I've no idea how it managed to get in that state. The SSD worked for a while though.
 
I would go as far as to say that that connector is in such a state that the disk is fucked. I certainly wouldn't want to have to trust it.

Did you return the system, they sort it and return it back? If that is the same disk across all the machines you have had, I would point a finger at it. Its highly suspect. Personally I'd be putting another disk onto the machine and installing Windows7 onto that to see it that was reliable.
 
I would go as far as to say that that connector is in such a state that the disk is fucked. I certainly wouldn't want to have to trust it.

Did you return the system, they sort it and return it back? If that is the same disk across all the machines you have had, I would point a finger at it. Its highly suspect. Personally I'd be putting another disk onto the machine and installing Windows7 onto that to see it that was reliable.
I think this machine is the same as the 1st one, which would suggest the SSD got damaged somewhere along the line.

I'm sending it back to day. If I don't get a straight refund I'm going to go mental.
 
Right, don't bite my hand off here, but...

...You say you spent £1K on it? Assuming you get a refund, have you got your own monitors? Coz you really could get a fairly well spec'd Mac Mini for that.

Or is there a heap of software you'd have to fork out for again?
 
...You say you spent £1K on it?

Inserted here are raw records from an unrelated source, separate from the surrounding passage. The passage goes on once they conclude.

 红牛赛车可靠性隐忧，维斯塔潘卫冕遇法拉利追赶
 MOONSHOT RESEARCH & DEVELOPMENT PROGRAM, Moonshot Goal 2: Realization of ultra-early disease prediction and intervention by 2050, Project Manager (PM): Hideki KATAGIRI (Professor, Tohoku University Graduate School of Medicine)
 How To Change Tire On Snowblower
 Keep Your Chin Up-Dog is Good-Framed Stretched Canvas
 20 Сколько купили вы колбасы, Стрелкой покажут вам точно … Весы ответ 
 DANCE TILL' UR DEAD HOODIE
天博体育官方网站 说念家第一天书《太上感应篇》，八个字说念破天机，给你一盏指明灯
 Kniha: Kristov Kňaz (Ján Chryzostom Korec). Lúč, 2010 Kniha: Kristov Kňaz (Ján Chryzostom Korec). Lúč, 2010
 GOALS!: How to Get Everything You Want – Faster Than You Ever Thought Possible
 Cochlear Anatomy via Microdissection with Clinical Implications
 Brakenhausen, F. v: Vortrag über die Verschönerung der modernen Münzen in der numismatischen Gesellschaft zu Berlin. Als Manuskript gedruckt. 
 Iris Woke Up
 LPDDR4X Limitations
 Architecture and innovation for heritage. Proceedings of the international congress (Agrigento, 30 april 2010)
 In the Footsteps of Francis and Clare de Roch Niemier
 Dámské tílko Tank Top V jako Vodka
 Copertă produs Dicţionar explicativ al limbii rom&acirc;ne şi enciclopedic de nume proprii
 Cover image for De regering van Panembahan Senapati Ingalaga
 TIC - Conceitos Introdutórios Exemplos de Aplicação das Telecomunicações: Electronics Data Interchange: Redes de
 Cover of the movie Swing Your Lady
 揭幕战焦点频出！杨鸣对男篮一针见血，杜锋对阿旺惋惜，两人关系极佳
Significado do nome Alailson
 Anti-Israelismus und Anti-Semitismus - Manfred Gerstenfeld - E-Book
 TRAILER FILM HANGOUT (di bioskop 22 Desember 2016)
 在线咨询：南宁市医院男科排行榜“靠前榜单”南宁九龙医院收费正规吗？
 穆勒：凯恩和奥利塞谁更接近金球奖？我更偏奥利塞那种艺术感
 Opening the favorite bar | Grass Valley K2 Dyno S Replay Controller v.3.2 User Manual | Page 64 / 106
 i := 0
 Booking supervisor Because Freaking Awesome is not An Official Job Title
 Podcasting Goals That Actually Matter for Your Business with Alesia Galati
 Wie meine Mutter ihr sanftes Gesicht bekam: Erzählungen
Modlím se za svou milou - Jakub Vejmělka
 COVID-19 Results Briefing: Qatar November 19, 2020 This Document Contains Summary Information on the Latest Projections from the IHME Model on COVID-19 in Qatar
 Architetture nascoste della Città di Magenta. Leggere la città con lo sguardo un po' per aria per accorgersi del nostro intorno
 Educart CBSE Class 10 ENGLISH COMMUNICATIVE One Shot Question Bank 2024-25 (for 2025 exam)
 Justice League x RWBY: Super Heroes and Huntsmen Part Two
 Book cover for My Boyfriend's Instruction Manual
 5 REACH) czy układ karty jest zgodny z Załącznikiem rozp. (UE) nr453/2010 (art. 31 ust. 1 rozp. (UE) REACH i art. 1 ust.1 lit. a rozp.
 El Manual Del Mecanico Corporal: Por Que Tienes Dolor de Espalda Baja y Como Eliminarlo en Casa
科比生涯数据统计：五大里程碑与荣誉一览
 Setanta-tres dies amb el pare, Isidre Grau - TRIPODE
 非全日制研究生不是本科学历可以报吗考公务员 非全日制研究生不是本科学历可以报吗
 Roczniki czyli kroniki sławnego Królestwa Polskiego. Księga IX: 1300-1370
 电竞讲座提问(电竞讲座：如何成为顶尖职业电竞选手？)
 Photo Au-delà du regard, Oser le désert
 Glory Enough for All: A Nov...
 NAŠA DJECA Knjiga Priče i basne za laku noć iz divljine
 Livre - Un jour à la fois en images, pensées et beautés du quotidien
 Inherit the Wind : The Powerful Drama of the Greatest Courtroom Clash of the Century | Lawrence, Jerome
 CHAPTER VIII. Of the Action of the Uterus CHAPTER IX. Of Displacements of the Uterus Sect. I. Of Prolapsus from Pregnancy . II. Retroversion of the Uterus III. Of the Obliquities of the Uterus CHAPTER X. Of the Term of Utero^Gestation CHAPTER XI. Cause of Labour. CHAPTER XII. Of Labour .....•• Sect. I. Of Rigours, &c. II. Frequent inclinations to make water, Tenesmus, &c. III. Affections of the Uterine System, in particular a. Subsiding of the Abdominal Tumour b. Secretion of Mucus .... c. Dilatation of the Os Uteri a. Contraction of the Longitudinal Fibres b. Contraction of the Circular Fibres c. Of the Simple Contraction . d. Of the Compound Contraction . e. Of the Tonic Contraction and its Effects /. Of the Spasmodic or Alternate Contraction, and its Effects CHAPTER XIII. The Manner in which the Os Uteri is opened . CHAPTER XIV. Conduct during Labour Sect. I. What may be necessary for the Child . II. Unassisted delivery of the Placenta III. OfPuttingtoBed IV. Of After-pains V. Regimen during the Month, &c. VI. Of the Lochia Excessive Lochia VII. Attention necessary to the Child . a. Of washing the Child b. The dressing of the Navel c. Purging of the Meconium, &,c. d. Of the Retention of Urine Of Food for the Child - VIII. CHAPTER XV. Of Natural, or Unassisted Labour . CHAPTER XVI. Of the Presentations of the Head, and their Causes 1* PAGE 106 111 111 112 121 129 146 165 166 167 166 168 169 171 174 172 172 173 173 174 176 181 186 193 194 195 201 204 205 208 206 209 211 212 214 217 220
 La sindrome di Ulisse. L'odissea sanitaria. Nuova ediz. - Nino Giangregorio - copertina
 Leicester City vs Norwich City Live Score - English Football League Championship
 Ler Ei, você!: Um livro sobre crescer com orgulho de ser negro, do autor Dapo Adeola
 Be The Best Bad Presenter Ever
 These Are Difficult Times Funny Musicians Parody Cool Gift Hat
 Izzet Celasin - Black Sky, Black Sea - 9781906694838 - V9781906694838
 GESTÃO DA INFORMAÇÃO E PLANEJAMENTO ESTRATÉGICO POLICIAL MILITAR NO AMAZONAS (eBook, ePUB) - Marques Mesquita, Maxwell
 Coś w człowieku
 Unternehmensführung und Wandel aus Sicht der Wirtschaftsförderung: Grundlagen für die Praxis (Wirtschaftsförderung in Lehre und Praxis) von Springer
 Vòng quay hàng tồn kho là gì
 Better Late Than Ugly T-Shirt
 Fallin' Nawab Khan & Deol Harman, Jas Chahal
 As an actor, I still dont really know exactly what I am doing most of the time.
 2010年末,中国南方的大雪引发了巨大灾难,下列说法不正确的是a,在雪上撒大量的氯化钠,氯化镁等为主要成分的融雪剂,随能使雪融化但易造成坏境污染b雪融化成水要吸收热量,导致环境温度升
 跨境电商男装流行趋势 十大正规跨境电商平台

Assuming you get a refund, have you got your own monitors? Coz you really could get a fairly well spec'd Mac Mini for that.

Or is there a heap of software you'd have to fork out for again?
The Mac Mini is not a practical alternative. Not enough memory, not enough USB ports, not enough flexibility, not enough everything really.
And then there's the cost of buying a ton of software.

No thanks.
 
No thanks. I left the world of fiddling about with computer innards and cables a long time ago. At least, I thought I had.

It's generally less hassle because you can spec your own components and ensure the thing is reliable. Much easier nowadays too, no more jumpers and IRQ conflicts and all that jazz.